Oh Gianni, mon fils, comme je suis malheureuse d’être toute seule dans ce Jura mortifère. Il me tarde tant de retrouver mon île, ma maison et mon cimetière. Bientôt deux semaines que je n’ai pu me recueillir sur la tombe de ton père, l’amour de ma vie. Cette vendetta des Fortini doit cesser au plus vite. Va trouver ton oncle, Ange Agostini, et convaincs-le d’aller présenter ses excuses à Ghjulia Fortini. Elle doit savoir que j’ai intrigué pour qu’il l’abandonne devant l’autel le jour du mariage. Je t’en prie, mon fils, obtiens d’eux mon pardon et ma délivrance !

Les promenades autour du lac ne suffisent pas à occuper mes sombres journées, alors je lis sur mon balcon ou dans le patio de l’auberge. J’ai achevé tous les romans Harlequin de la bibliothèque. Quelle misère, ces histoires romantiques ! A-t-on idée de se mettre dans des états pareils ?

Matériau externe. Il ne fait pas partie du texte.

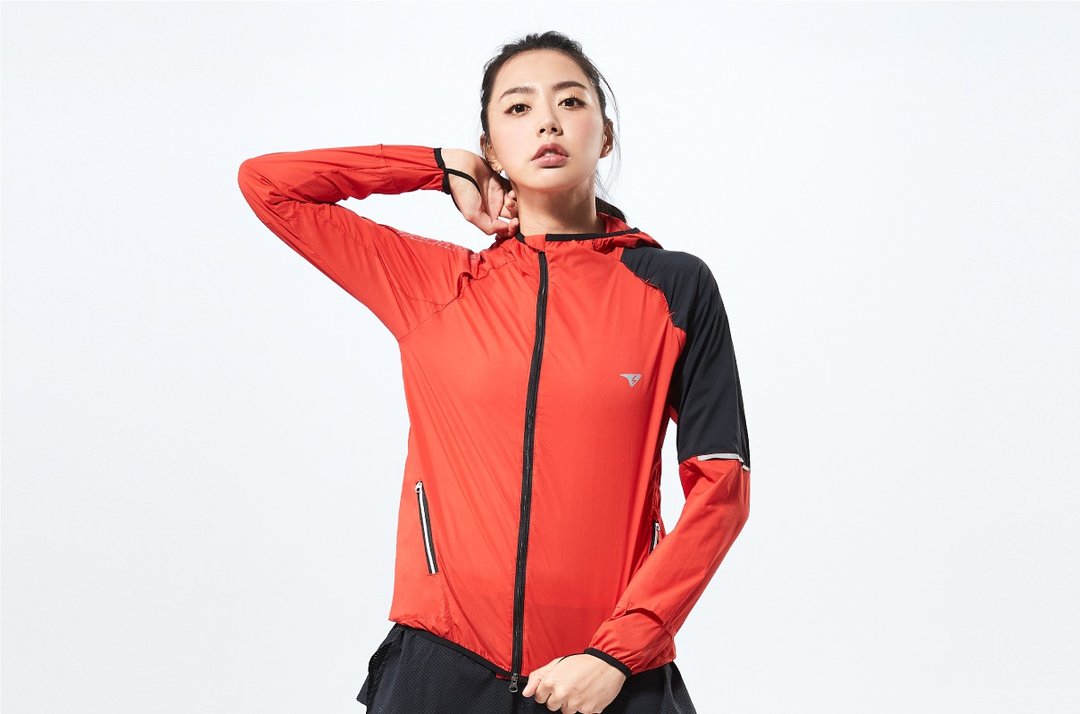 零阻力轻柔防泼风衣外套 / 女款 - 女装休闲/机能外套 - 尼龙 红色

Ce mal pernicieux semble avoir infecté toute la région. Je ne peux tourner la tête sans tomber sur une pimpante biquette entichée d’un bouc éberlué. Tu te souviens de la fille aux fromages dont je t’avais entretenu ? Et bien, elle a une aventure avec le chauffeur-livreur. Ils essayent de rester discrets, mais on ne la fait pas à Livia Agostini. J’ai bien vu leur petit manège. Il y a aussi ce couple avec une gosse asiatique (encore une qui a trompé son époux avec son acupuncteur, si tu veux le fond de ma pensée). Je ne te parle même pas de ce réalisateur qui s’affiche un peu partout avec une femme bien trop jeune pour lui. Personne ne lui a jamais appris que donna Bella, tribbulu di casa ! [1Et la petite serveuse marseillaise du restaurant, elle me semble bien trop guillerette pour être honnête, et encore plus quand elle revient de la ferme. Santa Maria, j’ose à peine imaginer ce qu’elle peut bien faire dans la grange ! Les personnes âgées ne sont pas en reste, pour un couple de vieilles sitelles qui quitte l’auberge, un autre arrive. J’ai même aperçu deux femmes se promener avec un bébé, et surpris pas plus tard que tout à l’heure la cuisinière qui enlaçait la patronne.

Oh Signore ! Toutes ces âmes amoureuses me rappellent tant ton père et toute la tendresse qu’il avait pour moi, comment il me disait son attachement en silence. Voir tous ces gens et leur folle passion me remplit d’un chagrin lourd comme l’orage.

Ghjesù Ghjesù ! Les Fortini m’ont retrouvée. Ils veulent me fendre le cœur et ils ont contacté la Mafia des Cupidons !

Gianni, u mo figliolu, veni quì ! Et apporte la carabine !

Notes

[1] “Femme belle, tourment à la maison”, dicton corse.